Therefore the updated records and new fields of the tables stored on workstations must be preserved against the overwriting.
I guess that direct dumps (e.g. pg_dump -U remote_user -h remote_server -t table_to_copy source_db | psql target_db) are not suitable here.
UPD: If possible I would also like to avoid the use of third (intermediate) database while transferring the data from production database to the workstations.
I would recommend the following approach.
I'll outline example based on a single table customer.

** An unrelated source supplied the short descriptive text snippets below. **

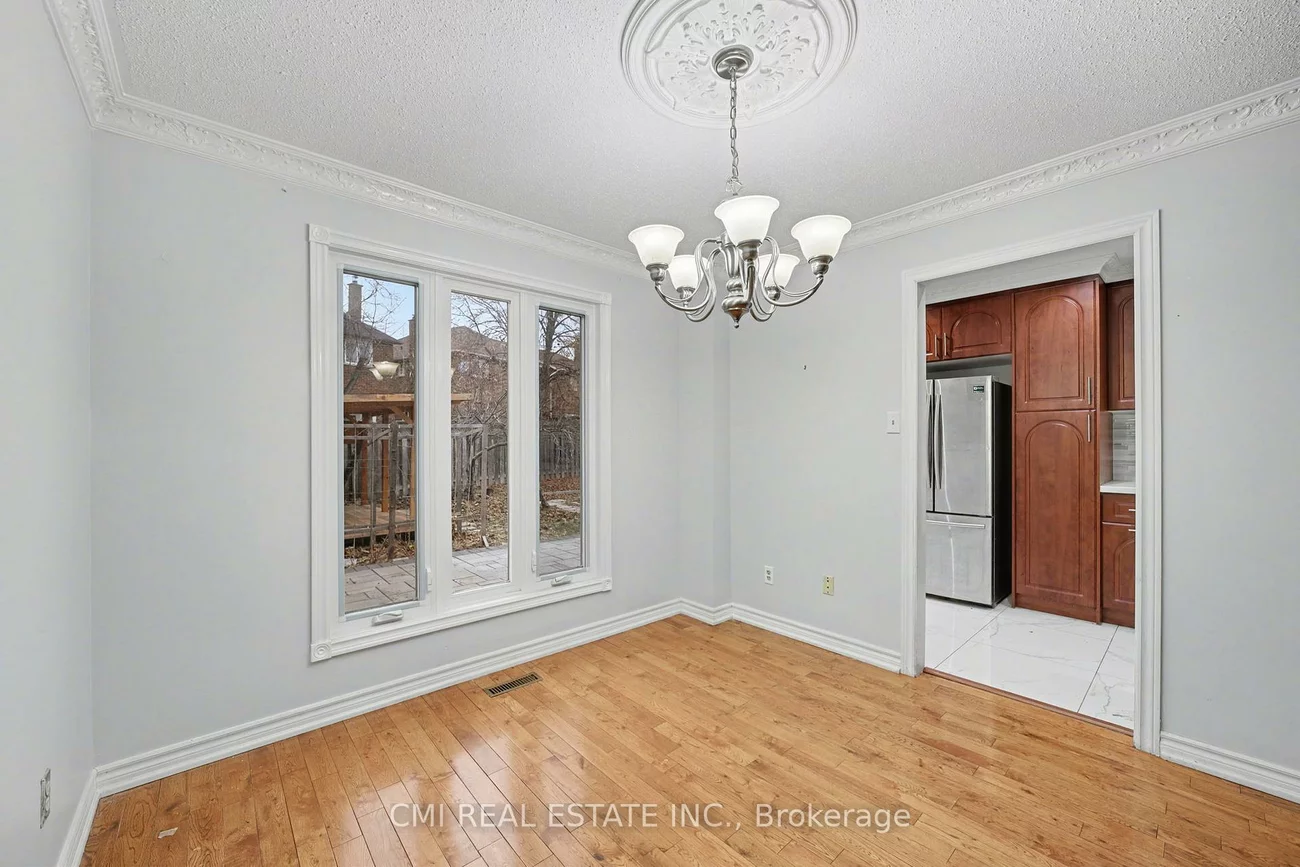 993, Lucerne, Creditview, Mississauga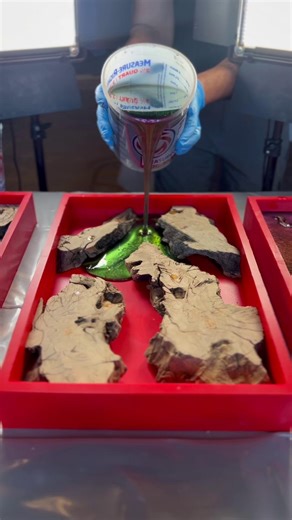 🚨 THIS IS A SERIOUS MISTAKE MANY BEGINNERS MAKE WITH EPOXY 🚨 Most people don’t realize you can — and should — use two different resins in the same project. Deep Pour and Table Top aren’t competitors… they’re a team. 🤝 🟦 Deep Pour Epoxy Made for thick pours like river tables, large voids, and castings. It cures slowly, stays clear, and won’t overheat. This is how you build the structure of your project. ✨ Table Top Epoxy Made for thin coats, high gloss, and protection. Used as a flood coat to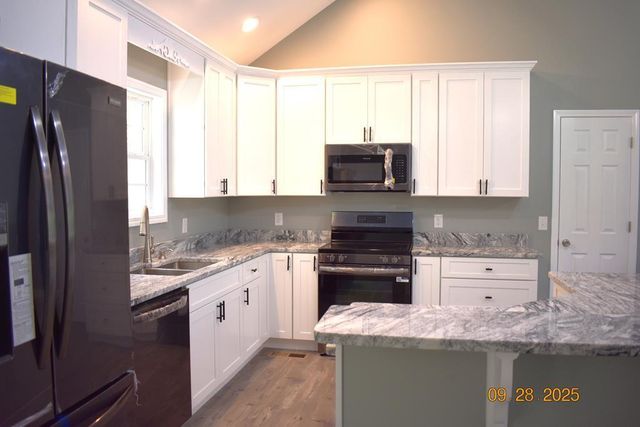 545 Salem Valley Road, Ringgold, GA 30736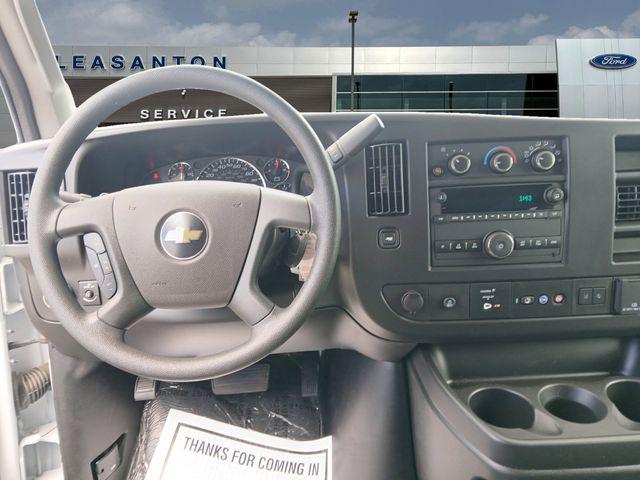2025 Chevrolet Express Passenger RWD 3500 Extended Wheelbase LT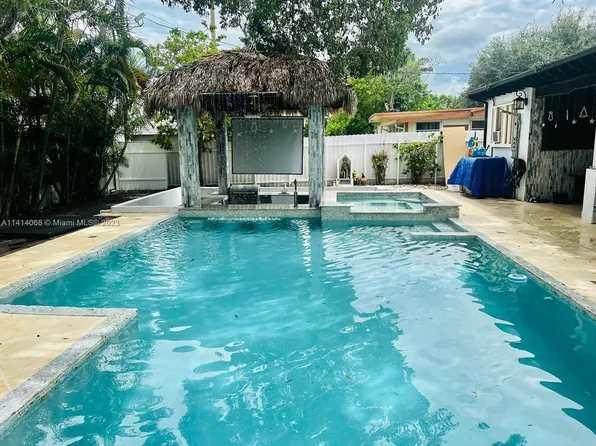 1611 N Douglas Rd, Hollywood, FL 33024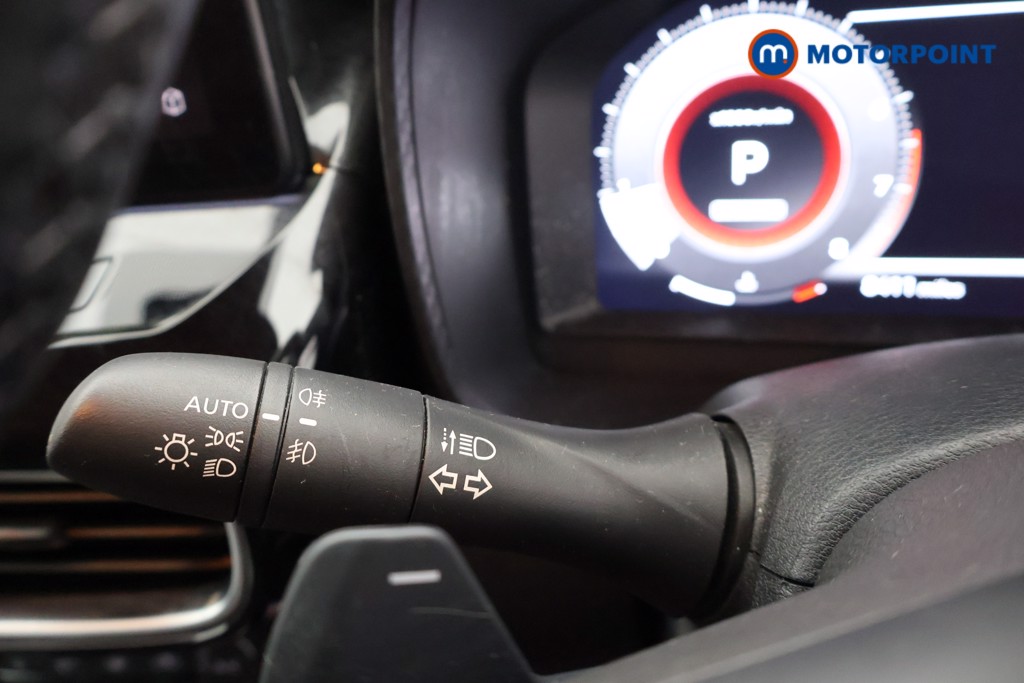 Nissan Juke Tekna Automatic Petrol SUV - Stock Number (1678586) - 5th supplementary image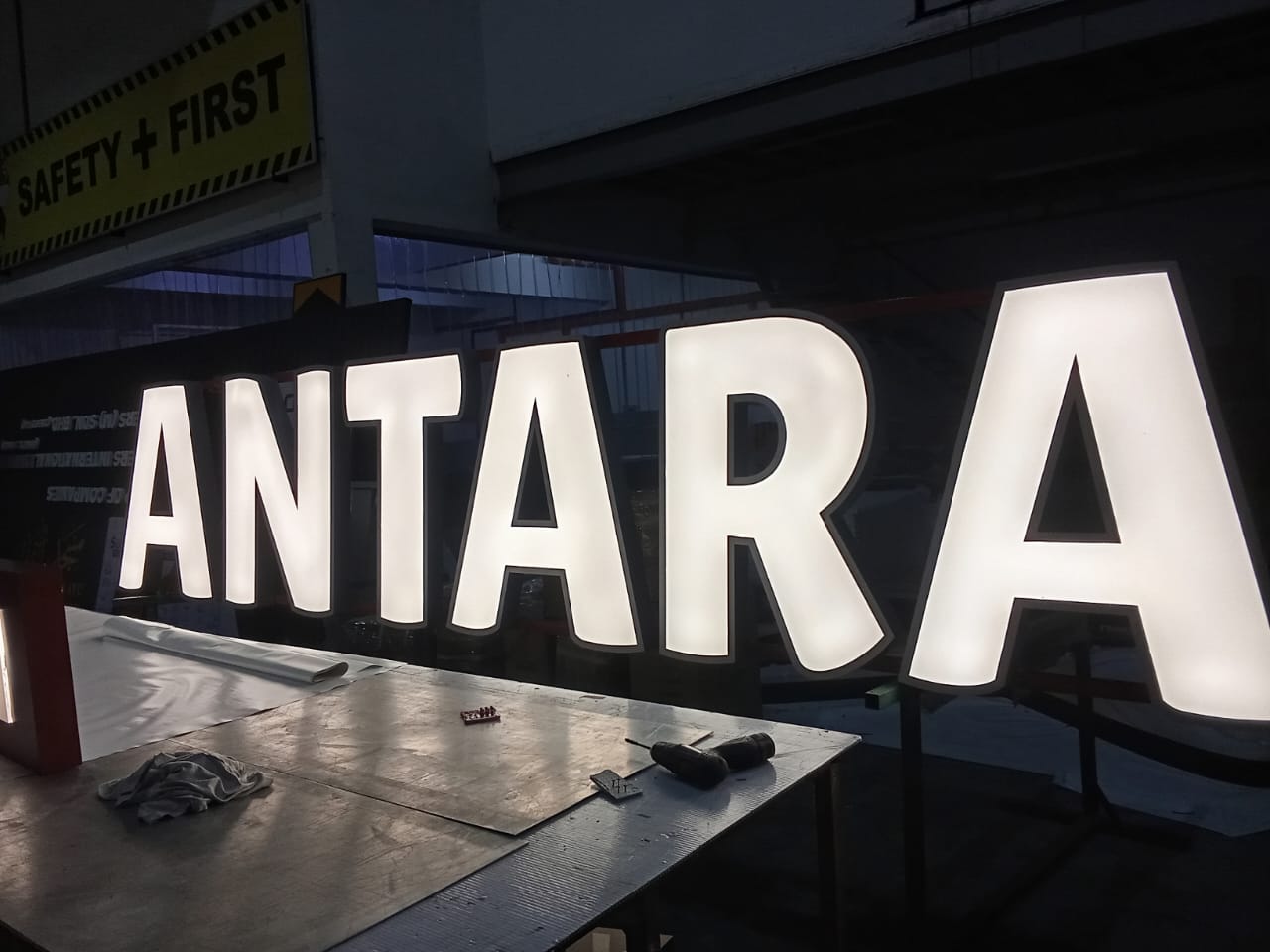 ANTARA aluminium box-up frontlit letters fully lit production test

We want to copy some entries from this table on production. Obviously, full table dump will break new stuff that exists on development envs;
Therefore, create a table with the similar structure, but a different name, say customer_$. Another way is to create a dedicated schema for such “copying” tables. You might also want to include a couple of extra columns there, like copy_id and/or copy_stamp;
Now you can INSERT INTO customer_$ SELECT ... to populate your copying table with wanted data. You might need to think of the way how to do this, though. In the tool we use here we can supply predicate data via the -w switch, like -w "customer_id IN (SELECT id FROM cust2copy)";
After you've populated your copying table(s), you can dump them. Make sure to use the following switches to the pg_dump:
--column-inserts to explicitly list target columns, for on development env copying table might have changed it's structure. This might be “slow” for big volumes though;
--table / -t to specify tables to dump.
On the target env, make sure to (1) empty copying tables and (2) prevent parallel activities of similar nature;
Load date into the copying tables;
The most interesting part comes: you need to check, that data you're bout to INSERT into the main tables will not conflict with any of the constraints defined on the tables. You might have:
PRIMARY KEY violations. You can (1) replace existing entries or (2) merge entries together or (3) skip entries from the copying tables or (4) choose to assign different ID in the copying tables;
UNIQUE KEY violations, most likely you'll have to UPDATE some columns in the copying tables;
FOREIGN KEY violations, you'll have either to give up on such entries, or to copy over missing stuff from the production as well;
CHECK violations, you'll have to investigate this ones manually.
After checks are done and data in the copying tables is fixed, you can copy it into the main tables.
This is a very formal description of the approach. Say, for step #7 we have a huge pile of extra tools to do ID or ID ranges remapping, to manipulate data in the copying tables, adjusting security settings, ownership, some defaults, etc.
Also, we have a so-called catalogue for this tool, which allows us to group logically tied tables under common names. Say, to copy customers from production we have to check round 50 tables in order to satisfy all possible dependencies.
I haven't seen similar tools in the wild though so far.